Fenômenos esquisitos seguem vivos demais na política, fruto de distanciamentos, desinteresses, procura por soluções fáceis para problemas complexos e sensacionalismo, em parte impactado por tudo o que até aqui foi dito. Mas que fique evidente: a despeito da velocidade e do impacto mais expressivo das redes sociais, aberrações sempre existiram. São Paulo já “elegeu” um rinoceronte nos anos 50 e o Rio de Janeiro já “escolheu” um chimpanzé nos anos 80. Outros tempos, mas igualmente desafiadores, pois parece indiscutível que as reencarnações dos espíritos de ambos os animais se encontraram recentemente em debates, com direito à brutal truculência do rinoceronte violentando as sandices irresponsáveis do protagonista pelas macaquices da vez. Isso não se restringe a uma só cidade, e tratar o tema como notícia política, e não policial, é parte do problema.

Ideologicamente, existe tendência, em capitais e grandes localidades, à forte presença de partidos de centro-direita. Ademais, extremo pluripartidarismo na divisão das cidades é marca quase certa, sem que qualquer legenda conquiste 1,5 mil ou mil prefeituras, como afirmavam planos ousados e míopes. 

Ainda, existe, sobretudo nas capitais, tendência à reeleição — onde é legalmente possível. Quem não tem asseguradas evidências de permanência é vítima da própria incapacidade de produzir e comunicar. E se isso é verdade, em alguma medida, por pior que seja o estado cultural de nossa democracia, o eleitorado segue minimamente capaz de avaliar governos e ofertar continuidade ou mudança, a despeito do nível das campanhas.
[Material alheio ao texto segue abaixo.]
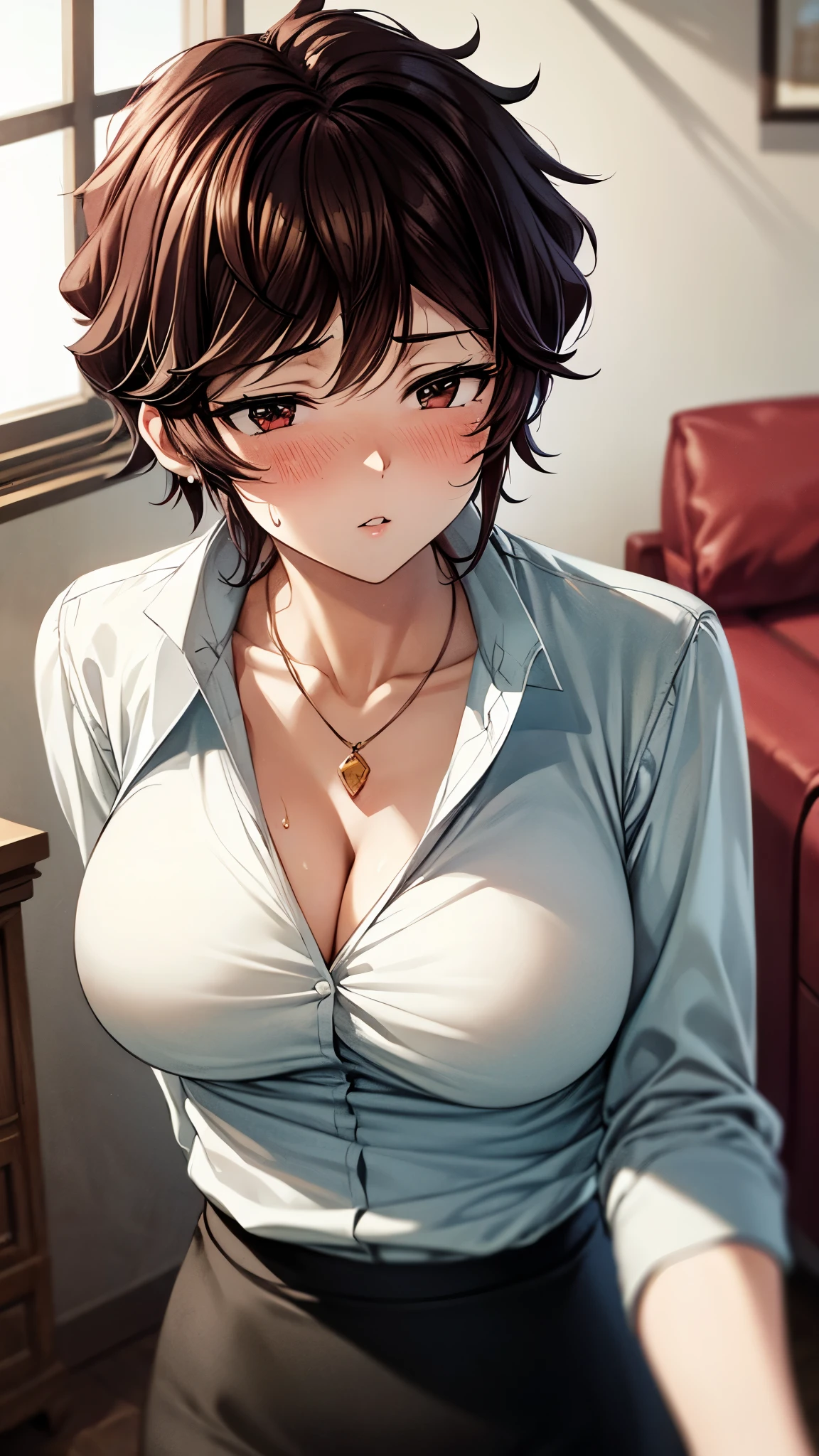 （ super quality, ultra high resolution,16k,super masterpiece,Ultra HD ,Detailed shading and background,）Upper body shot,one sexy wife, looking at the camera, head on,Short black hair,（A white shirt with a large collar spread wide and standing straight, wide open chest, black pencil skirt ,） earrings for a woman alone, Necklaces , Sweaty ,blush,Thick lips, Living room where the sun shines ,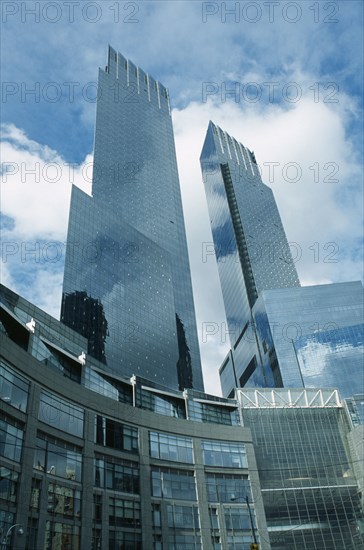 USA, New York, Manhattan, AOL Time Warner Center twin 55 storey skyscraper towers on Columbus Circle.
A polarização entre Lula e Bolsonaro, ou PT versus PL é menos intensa pelo Brasil do que muitos imaginavam — até porque ambos, em especial o segundo, parece menos disposto a aparecer apoiando aliados do que se pregava. Realidades de natureza local e partidos utilizados apenas como critério de elegibilidade pelas campanhas e pelos grupos políticos locais também seguem em alta. Isso fragmenta partidariamente o bolsonarismo, que está sendo testado e parece ser maior do que o sujeito que lhe inspira o nome.

As eleições para o Poder Legislativo, por sua vez, seguem sem a devida atenção das cidades e dos eleitores, que ainda parecem emprestar critérios questionáveis a um pleito fundamental e pouco compreendido. Por fim, a Justiça segue monopolizando diversos ambientes e crendo que a própria atuação — por vezes, seletiva e exagerada — é capaz de resolver problemas infinitamente mais profundos que o caráter raso de algumas posturas. Até procurados pelo 8 de janeiro são candidatos, em clara provocação ao Supremo. 

Além disso, o Judiciário não pode se achar protagonista da educação política e das campanhas de conscientização para o voto, como alguns de seus membros imaginam, tampouco pode crer que proibir e regular ao extremo as redes sociais sejam ações capazes de conter fenômeno mais complexo de comunicação. Não pode punir “A” e deixar “B” impune, gerando sentimento avesso à ideia da própria justiça. A quantidade de eleições que será definida no Judiciário é imensa, e a falta de celeridade e a adoção de critérios questionáveis seguirão desafiando o Estado democrático.